Set down the line that has "2024 Volvo XC40" and each line beneath it, through the last line of the entries, exactly and with no others.

[Extracted entries — start]

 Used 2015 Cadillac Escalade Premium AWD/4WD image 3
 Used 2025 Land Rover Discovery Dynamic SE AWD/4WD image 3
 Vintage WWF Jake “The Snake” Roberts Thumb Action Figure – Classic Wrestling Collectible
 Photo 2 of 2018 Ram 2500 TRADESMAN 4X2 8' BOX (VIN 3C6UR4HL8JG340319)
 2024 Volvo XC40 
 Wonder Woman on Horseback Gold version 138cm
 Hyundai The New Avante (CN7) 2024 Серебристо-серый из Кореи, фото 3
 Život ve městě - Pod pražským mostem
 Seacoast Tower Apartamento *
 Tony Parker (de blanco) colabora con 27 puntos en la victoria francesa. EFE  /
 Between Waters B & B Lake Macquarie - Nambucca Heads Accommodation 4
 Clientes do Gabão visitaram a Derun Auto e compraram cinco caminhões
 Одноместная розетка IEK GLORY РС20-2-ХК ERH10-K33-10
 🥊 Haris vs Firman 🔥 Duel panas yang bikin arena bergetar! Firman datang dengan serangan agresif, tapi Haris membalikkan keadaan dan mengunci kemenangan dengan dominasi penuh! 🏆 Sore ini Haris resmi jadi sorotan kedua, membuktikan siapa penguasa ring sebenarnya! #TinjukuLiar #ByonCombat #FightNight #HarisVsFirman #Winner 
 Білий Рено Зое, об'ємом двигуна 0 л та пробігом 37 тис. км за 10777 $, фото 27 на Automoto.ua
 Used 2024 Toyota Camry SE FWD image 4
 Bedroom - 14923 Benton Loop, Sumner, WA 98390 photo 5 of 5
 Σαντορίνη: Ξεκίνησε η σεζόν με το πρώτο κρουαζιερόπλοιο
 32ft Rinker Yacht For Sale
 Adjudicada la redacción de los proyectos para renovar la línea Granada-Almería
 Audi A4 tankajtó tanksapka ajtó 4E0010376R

[Extracted entries — finish]

Response to the task ::
 2024 Volvo XC40 
 Wonder Woman on Horseback Gold version 138cm
 Hyundai The New Avante (CN7) 2024 Серебристо-серый из Кореи, фото 3
 Život ve městě - Pod pražským mostem
 Seacoast Tower Apartamento *
 Tony Parker (de blanco) colabora con 27 puntos en la victoria francesa. EFE  /
 Between Waters B & B Lake Macquarie - Nambucca Heads Accommodation 4
 Clientes do Gabão visitaram a Derun Auto e compraram cinco caminhões
 Одноместная розетка IEK GLORY РС20-2-ХК ERH10-K33-10
 🥊 Haris vs Firman 🔥 Duel panas yang bikin arena bergetar! Firman datang dengan serangan agresif, tapi Haris membalikkan keadaan dan mengunci kemenangan dengan dominasi penuh! 🏆 Sore ini Haris resmi jadi sorotan kedua, membuktikan siapa penguasa ring sebenarnya! #TinjukuLiar #ByonCombat #FightNight #HarisVsFirman #Winner 
 Білий Рено Зое, об'ємом двигуна 0 л та пробігом 37 тис. км за 10777 $, фото 27 на Automoto.ua
 Used 2024 Toyota Camry SE FWD image 4
 Bedroom - 14923 Benton Loop, Sumner, WA 98390 photo 5 of 5
 Σαντορίνη: Ξεκίνησε η σεζόν με το πρώτο κρουαζιερόπλοιο
 32ft Rinker Yacht For Sale
 Adjudicada la redacción de los proyectos para renovar la línea Granada-Almería
 Audi A4 tankajtó tanksapka ajtó 4E0010376R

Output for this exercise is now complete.